Results: A clonogenic survival assay revealed that CP-751,871 increased the sensitivity of NSCLC cells to radiation in vitro. CP-751,871 inhibited radiation-induced IGF-IR signaling, and potentiated the radiation-induced increases both in the number of apoptotic cells and in the activity of caspase-3. Immunofluorescence analysis of the histone γ-H2AX and Rad51 also showed that CP-751,871 inhibited the repair of radiation-induced DNA double-strand breaks. Finally, combination therapy with CP-751,871 and radiation delayed the growth of NSCLC tumor xenografts in nude mice to a greater extent than did either treatment modality alone.
Conclusions: These results show that CP-751,871 sensitizes NSCLC cells to radiation both in vitro and in vivo, and that this effect of CP-751,871 is likely attributable to the inhibition of DNA repair and enhancement of apoptosis that result from attenuation of IGF-IR signaling. Combined treatment with CP-751,871 and radiation thus warrants further investigation in clinical trials as a potential anticancer strategy. (Clin Cancer Res 2009;15(16):5117–25)
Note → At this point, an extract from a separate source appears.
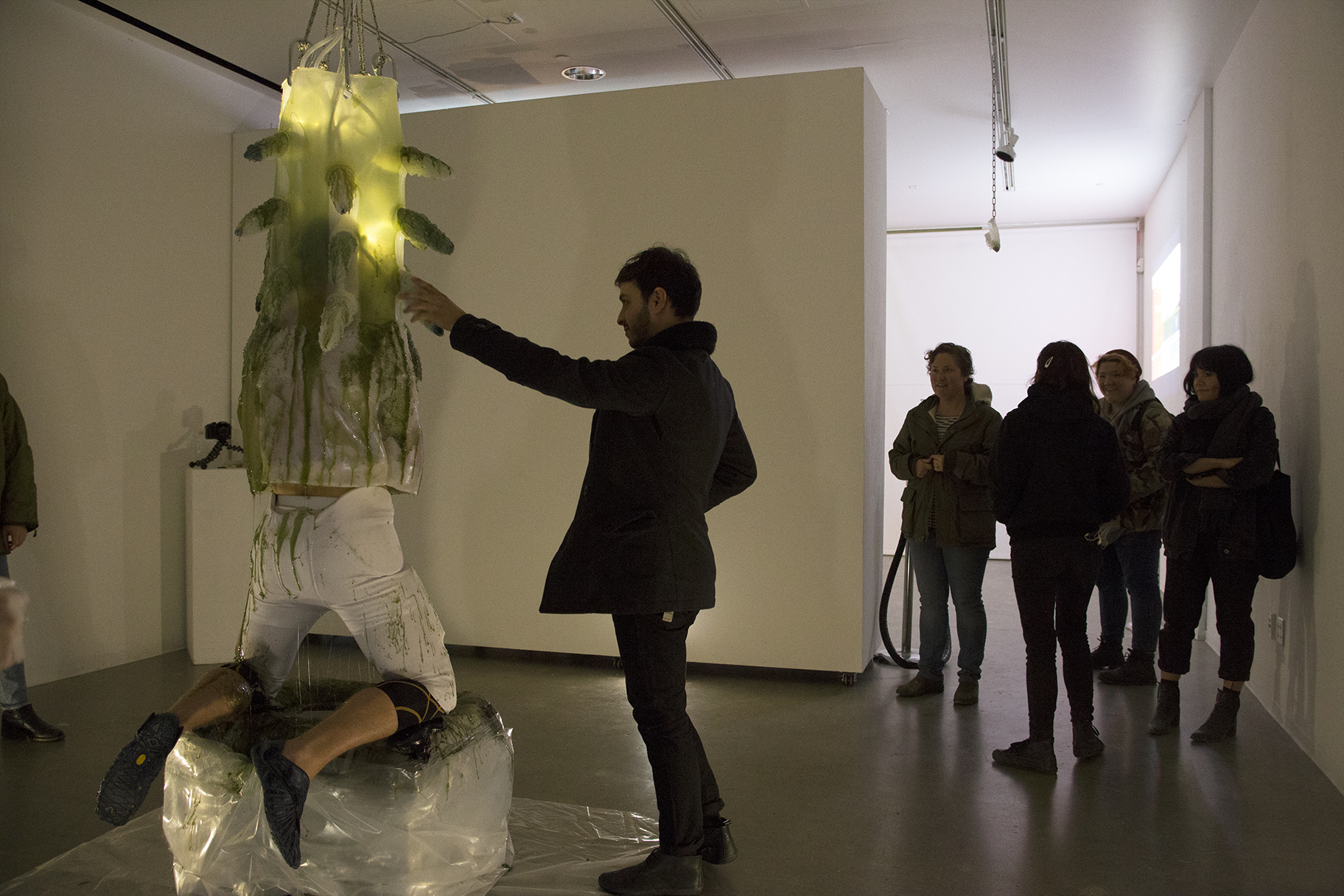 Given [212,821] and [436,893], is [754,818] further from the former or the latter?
[212,821]

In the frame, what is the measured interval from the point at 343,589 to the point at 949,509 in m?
2.63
Targeting of IGF-IR is a promising strategy for cancer therapy. CP-751,871 is a fully human monoclonal antibody specific for IGF-IR that inhibits tumor growth in human tumor xenograft models in vivo. Although phase II studies of CP-751,871 in combination with chemotherapy are currently underway for certain types of cancer, the effects of CP-751,871 in combination with radiation have not been described. We now show a radiosensitizing effect of CP-751,871 in non–small cell lung cancer cell lines in vitro and in vivo. Our preclinical data provide a rationale for future clinical investigation of the therapeutic efficacy of CP-751,871 in combination with radiotherapy.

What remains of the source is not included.